Costumo dizer que, numa relação
abusiva, coexistem duas realidades: aquela em que a pessoa vítima de abusos
vive e que acredita ser partilhada pelo companheiro, e aquela que vai sendo
construída na cabeça da pessoa que pratica os abusos. No início de qualquer
relação, sentimo-nos especiais, sentimo-nos desejados e vivemos com a profunda
convicção de que a pessoa que está ao nosso lado quer ver-nos felizes. Isto
também acontece nas relações abusivas.

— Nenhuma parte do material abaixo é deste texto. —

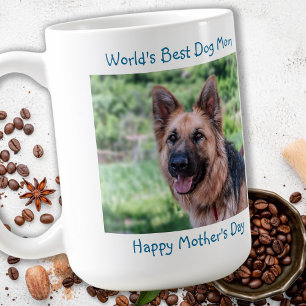 Best Dog Mam - Happy Moederdag - Blauwgroen foto v Koffiemok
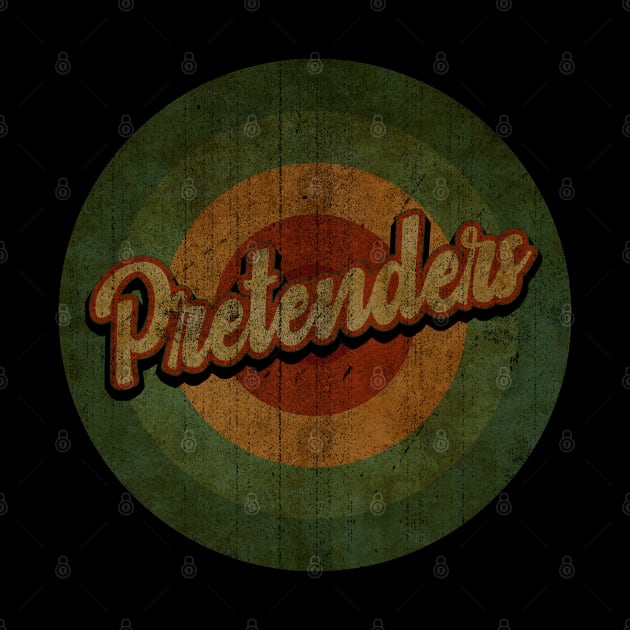 Circle Retro Vintage Pretenders Band by Jokowow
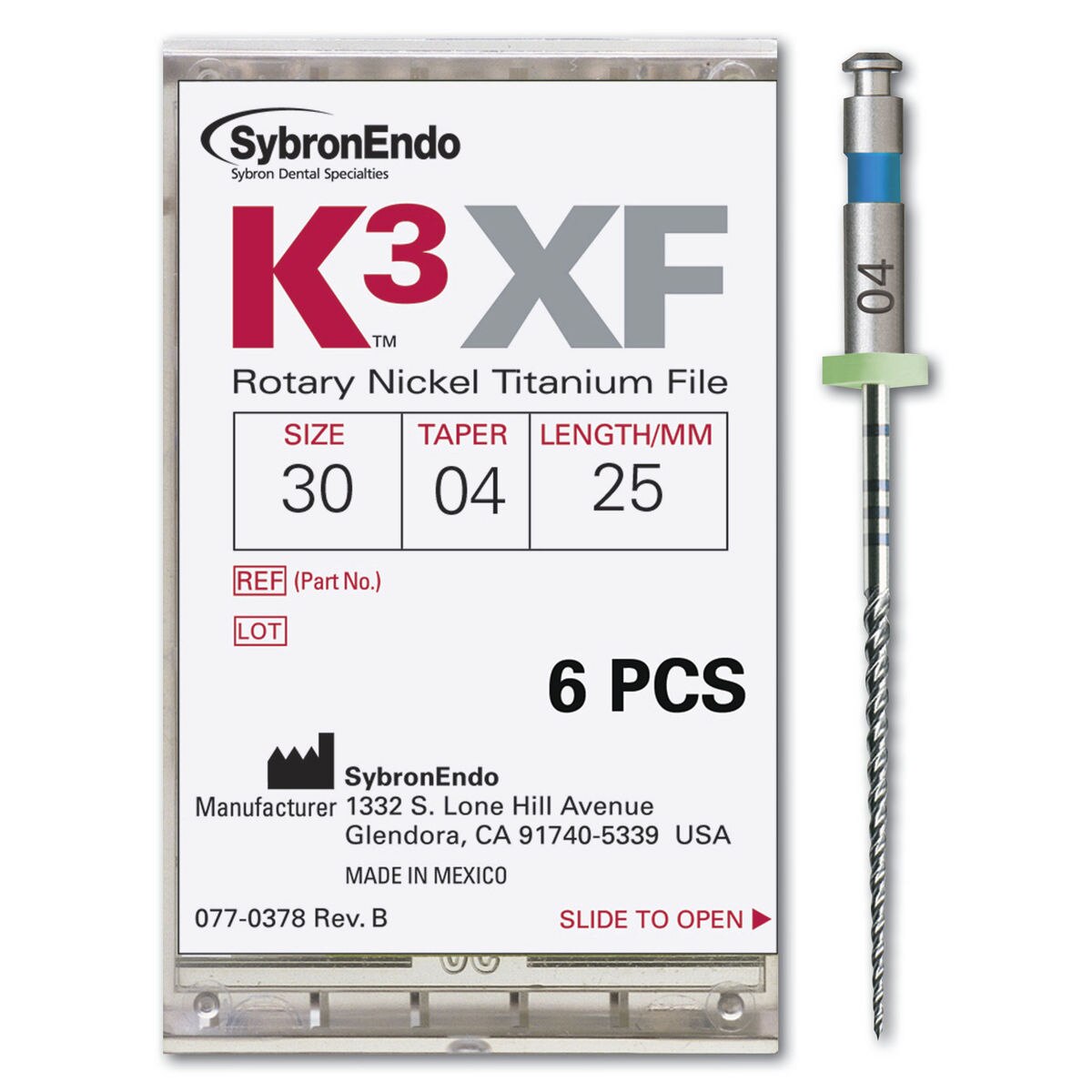 K3 XF - procedure pack .06 - 25 mm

Mas entre aquilo que é dito e aquilo que
é feito há uma diferença substancial.
De uma
maneira geral, as pessoas que são física
ou emocionalmente violentas constroem
uma
espécie de guião, como num filme, e olham para
a pessoa que está ao seu
lado como uma personagem
que deve ser capaz de se comportar de acordo
com as
suas expectativas.
Quando isso não acontece, porque
cada pessoa tem vontade própria, interesses próprios, sentimentos próprios, há
ameaças mais ou menos subtis, chantagem emocional, humilhações, sabotagem e
outros exercícios de manipulação. Vale tudo para impor a própria vontade e
fazer com que a outra pessoa se subjugue, se anule, se sinta culpada e obrigada
a fazer as escolhas “certas”. Como nada disto acontece de forma clara e até,
pelo contrário, vão surgindo períodos de lua-de-mel e muitos comentários
manipuladores – «É para o teu bem», «Se tu gostasses mesmo de mim…», «És
demasiado sensível…» –, a pessoa que é vítima de abusos emocionais nem sempre é
capaz de reconhecer a realidade em que está envolvida.